_THE PROBLEM_: Please transcribe only the lines from the one holding "Sizes) | Shopee ..." through the final line of the data, both included, with no pictures.

_AVAILABLE DATA_:
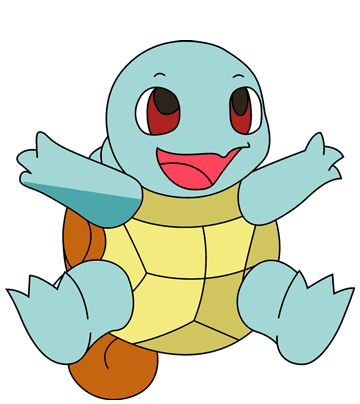 Squirtle coloring pages for kids to color and print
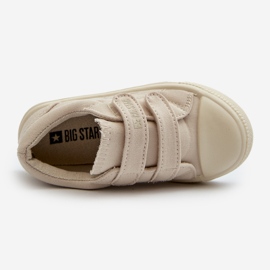 Zapatillas Infantiles Velcro Big Star NN374112 Beige 4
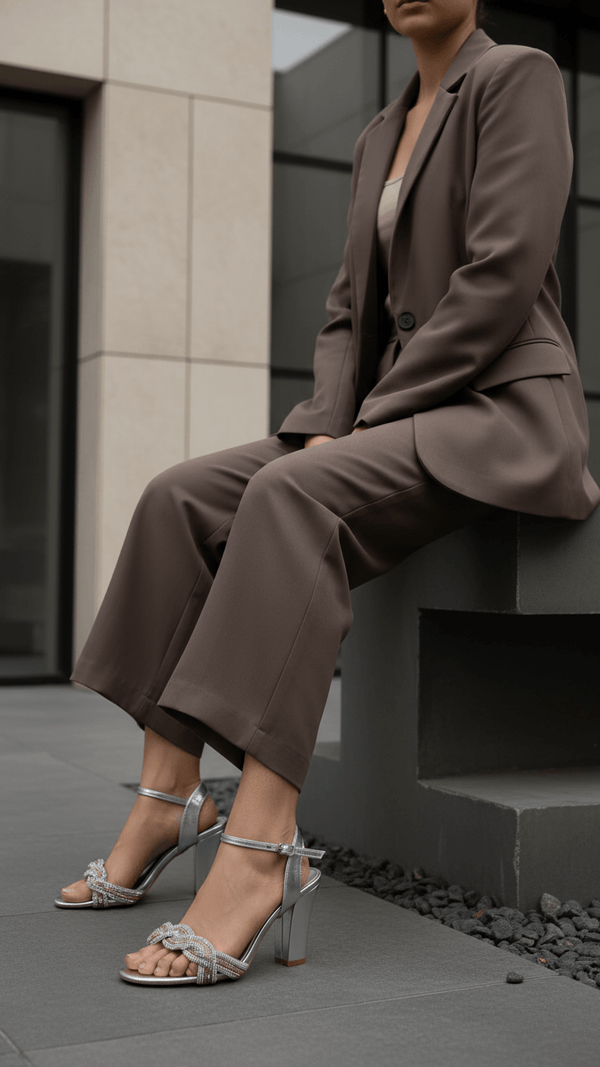 Silver Fancy Sandal FN5803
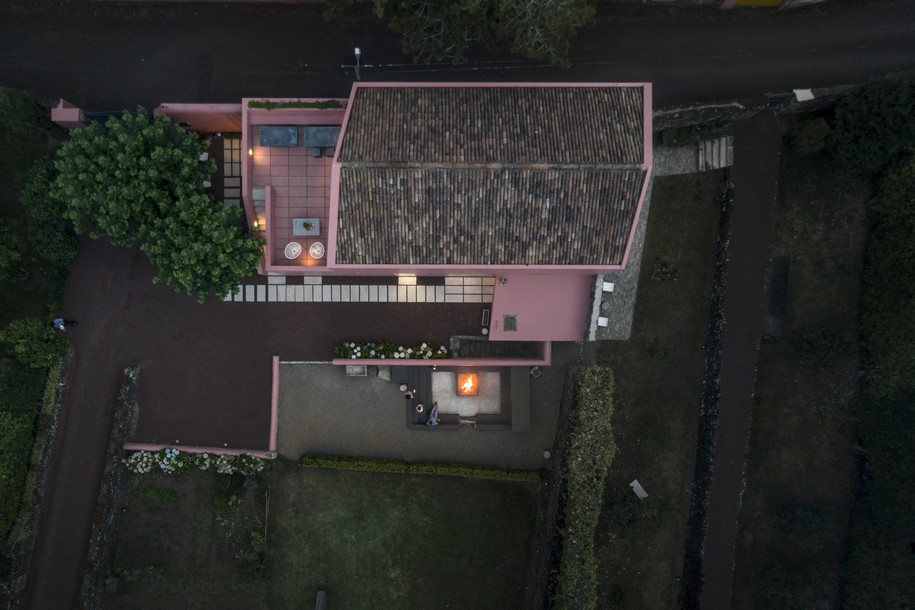 2017, Mezzo Atelier, Pink House, São Miguel,  Azores, renovation, stable, Portugal, pink, ochre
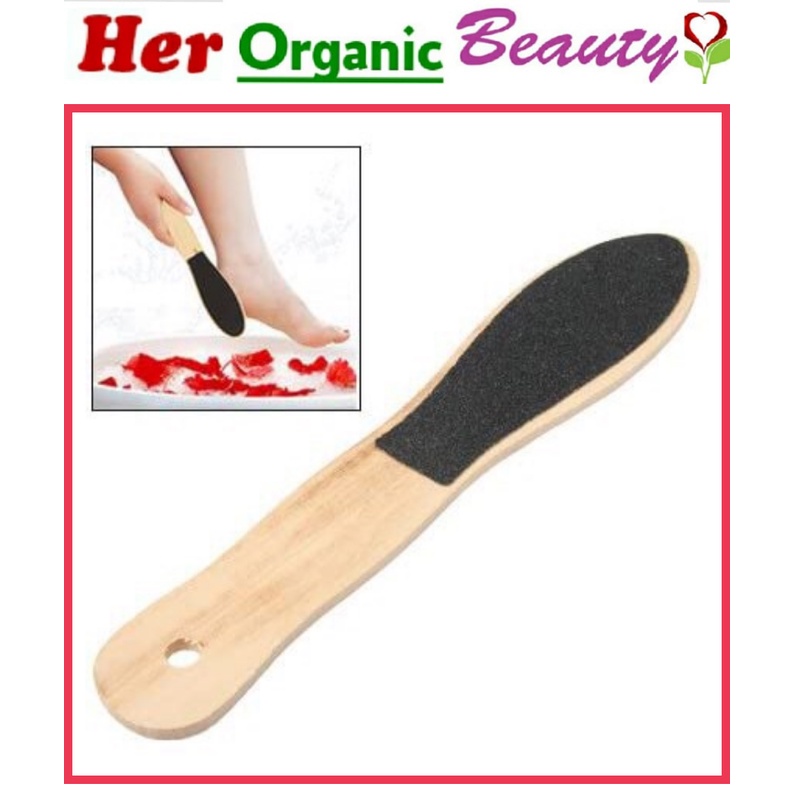 *Wooden Double-sided Black Foot File (Small & Medium Sizes) | Shopee ...
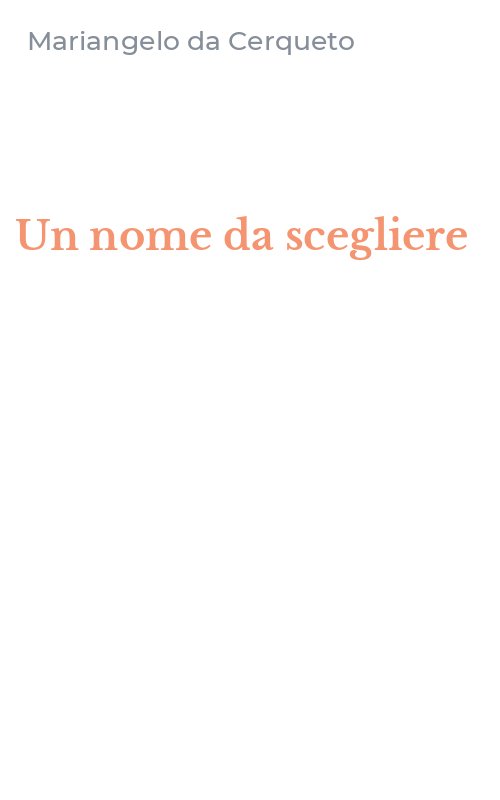 Un nome da scegliere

_EXERCISE ANSWER_:
 *Wooden Double-sided Black Foot File (Small & Medium Sizes) | Shopee ...
 Un nome da scegliere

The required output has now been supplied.